0

I got a list of sentences. I split each sentences and filtered the unwanted words and puncuations. and then store them into

ArrayList<ArrayList<String>> sentence

then I used a hashMap to find the most common word. how could I modify the following hashmap code so I can also find the most common consecutive pairs of words.(N-grams for phrases)

HashMap<String, Integer> hashMap = new HashMap<>();
 
                // Splitting the words of string
                // and storing them in the array.
                
                for(int i =0; i < sentence.size(); i++){
                        ArrayList<String> words = new ArrayList<String>(sentence.get(i));
                        for (String word : words) {
                
                         //Asking whether the HashMap contains the
                         //key or not. Will return null if not.
                        Integer integer = hashMap.get(word);
                
                        if (integer == null)
                                // Storing the word as key and its
                                // occurrence as value in the HashMap.
                                hashMap.put(word, 1);
                
                        else {
                                // Incrementing the value if the word
                                // is already present in the HashMap.
                                hashMap.put(word, integer + 1);
                        }

                        }
                }

i dont know where to start. should i adjust the way i split or do i no split at all in the first place.

noob
  • 1
  • 1

1 Answers1

0

To find the most common consecutive pairs of words (N-grams for phrases), you can modify the above code by looping through the sentence arraylist and creating a new hashmap with the pairs of words as the keys and the number of times they appear as the values.

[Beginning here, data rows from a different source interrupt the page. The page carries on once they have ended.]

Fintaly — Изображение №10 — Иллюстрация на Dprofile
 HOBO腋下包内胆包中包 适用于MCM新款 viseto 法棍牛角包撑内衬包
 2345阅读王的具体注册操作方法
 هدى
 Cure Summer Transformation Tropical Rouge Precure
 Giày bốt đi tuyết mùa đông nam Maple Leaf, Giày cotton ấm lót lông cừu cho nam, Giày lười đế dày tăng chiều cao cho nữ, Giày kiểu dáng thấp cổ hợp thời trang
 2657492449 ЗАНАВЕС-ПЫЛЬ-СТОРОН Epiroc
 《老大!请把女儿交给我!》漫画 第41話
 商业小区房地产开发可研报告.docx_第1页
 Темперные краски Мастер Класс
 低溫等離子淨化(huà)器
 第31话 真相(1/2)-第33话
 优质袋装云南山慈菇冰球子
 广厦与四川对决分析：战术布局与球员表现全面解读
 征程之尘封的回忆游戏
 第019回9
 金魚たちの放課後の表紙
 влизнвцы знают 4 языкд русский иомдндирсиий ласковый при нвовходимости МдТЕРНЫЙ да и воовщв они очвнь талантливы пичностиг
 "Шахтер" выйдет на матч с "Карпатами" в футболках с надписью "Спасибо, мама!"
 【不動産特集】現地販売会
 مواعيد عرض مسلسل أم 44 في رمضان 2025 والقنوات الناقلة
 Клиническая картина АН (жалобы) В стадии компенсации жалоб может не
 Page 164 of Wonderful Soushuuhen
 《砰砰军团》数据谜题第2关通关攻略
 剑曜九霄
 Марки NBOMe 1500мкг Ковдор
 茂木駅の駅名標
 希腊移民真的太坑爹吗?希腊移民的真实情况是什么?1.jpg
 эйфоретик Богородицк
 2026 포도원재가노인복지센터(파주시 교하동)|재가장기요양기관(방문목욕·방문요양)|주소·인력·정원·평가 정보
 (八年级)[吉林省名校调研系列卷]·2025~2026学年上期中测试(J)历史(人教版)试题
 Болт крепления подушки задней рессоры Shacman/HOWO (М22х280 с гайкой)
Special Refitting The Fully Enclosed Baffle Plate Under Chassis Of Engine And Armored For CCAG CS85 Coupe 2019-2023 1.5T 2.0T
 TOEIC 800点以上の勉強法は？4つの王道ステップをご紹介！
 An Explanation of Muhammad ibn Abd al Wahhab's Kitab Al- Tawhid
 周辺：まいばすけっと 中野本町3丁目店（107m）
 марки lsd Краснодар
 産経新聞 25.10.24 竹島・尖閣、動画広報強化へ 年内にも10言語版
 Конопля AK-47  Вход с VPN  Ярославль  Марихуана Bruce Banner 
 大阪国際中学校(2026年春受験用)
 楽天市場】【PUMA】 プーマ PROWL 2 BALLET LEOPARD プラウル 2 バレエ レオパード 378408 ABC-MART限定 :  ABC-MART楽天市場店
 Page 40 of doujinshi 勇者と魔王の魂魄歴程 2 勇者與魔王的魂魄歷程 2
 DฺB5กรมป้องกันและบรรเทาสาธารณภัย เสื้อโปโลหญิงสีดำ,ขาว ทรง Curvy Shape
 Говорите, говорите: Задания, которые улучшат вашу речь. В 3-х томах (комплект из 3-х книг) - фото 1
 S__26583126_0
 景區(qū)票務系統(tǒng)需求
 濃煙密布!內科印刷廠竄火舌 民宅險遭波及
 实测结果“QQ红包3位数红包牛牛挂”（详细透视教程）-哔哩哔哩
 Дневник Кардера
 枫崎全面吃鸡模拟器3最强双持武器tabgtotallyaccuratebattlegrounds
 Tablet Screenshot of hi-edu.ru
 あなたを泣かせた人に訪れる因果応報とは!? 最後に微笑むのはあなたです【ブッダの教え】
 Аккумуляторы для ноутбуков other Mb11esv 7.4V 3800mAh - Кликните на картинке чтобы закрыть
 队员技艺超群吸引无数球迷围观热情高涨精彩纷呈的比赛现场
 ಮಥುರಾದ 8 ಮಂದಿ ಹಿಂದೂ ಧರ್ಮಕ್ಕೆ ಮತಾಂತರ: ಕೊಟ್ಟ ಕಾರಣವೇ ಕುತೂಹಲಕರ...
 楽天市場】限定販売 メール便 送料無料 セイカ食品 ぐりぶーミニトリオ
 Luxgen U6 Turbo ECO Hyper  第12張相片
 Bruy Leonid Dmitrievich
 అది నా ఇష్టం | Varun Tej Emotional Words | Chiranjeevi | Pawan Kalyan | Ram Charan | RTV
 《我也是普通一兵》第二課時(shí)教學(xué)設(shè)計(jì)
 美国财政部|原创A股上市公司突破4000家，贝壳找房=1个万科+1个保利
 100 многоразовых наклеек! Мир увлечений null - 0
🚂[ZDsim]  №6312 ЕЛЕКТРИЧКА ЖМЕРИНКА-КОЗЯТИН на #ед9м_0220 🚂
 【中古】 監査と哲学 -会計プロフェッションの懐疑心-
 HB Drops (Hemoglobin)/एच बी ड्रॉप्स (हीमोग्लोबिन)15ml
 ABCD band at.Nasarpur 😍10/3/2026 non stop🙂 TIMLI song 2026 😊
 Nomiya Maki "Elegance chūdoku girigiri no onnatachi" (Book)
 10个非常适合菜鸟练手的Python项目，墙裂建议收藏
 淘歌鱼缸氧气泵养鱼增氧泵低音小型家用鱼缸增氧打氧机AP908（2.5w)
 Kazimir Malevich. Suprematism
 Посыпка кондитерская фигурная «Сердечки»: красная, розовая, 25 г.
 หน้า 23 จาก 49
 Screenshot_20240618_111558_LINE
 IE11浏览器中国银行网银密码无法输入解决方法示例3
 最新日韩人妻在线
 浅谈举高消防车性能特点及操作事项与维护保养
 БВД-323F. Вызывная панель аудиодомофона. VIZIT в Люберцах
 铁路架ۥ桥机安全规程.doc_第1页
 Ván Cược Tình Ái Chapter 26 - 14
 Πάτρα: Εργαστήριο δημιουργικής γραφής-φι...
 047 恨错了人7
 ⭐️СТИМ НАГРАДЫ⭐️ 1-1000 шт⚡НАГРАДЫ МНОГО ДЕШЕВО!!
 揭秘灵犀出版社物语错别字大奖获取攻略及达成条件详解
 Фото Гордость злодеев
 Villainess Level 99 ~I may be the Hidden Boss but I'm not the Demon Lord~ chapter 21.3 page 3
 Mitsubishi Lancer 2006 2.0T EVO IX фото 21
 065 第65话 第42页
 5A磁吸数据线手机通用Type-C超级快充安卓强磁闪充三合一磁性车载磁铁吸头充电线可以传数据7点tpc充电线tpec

Then, you can iterate through the new hashmap and find the pair of words with the highest value.

    public static String getMostCommonNGram(ArrayList<ArrayList<String>> sentence) {
    HashMap<String, Integer> nGramMap = new HashMap<>();

    // loop through the sentences
    for (ArrayList<String> words : sentence) {
        // loop through the words and create pairs of words
        for (int i = 0; i < words.size() - 1; i++) {
            String nGram = words.get(i) + " " + words.get(i + 1);
            // check if the n-gram already exists in the map
            Integer count = nGramMap.get(nGram);
            // if not, add it to the map with count = 1
            if (count == null) {
                nGramMap.put(nGram, 1);
            } else {
                // if yes, increment the count
                nGramMap.put(nGram, count + 1);
            }
        }
    }

    // find the n-gram with the highest count
    String mostCommonNGram = "";
    int maxCount = 0;
    for (String nGram : nGramMap.keySet()) {
        int count = nGramMap.get(nGram);
        if (count > maxCount) {
            maxCount = count;
            mostCommonNGram = nGram;
        }
    }
    return mostCommonNGram;
}
Referium
  • 11
  • 4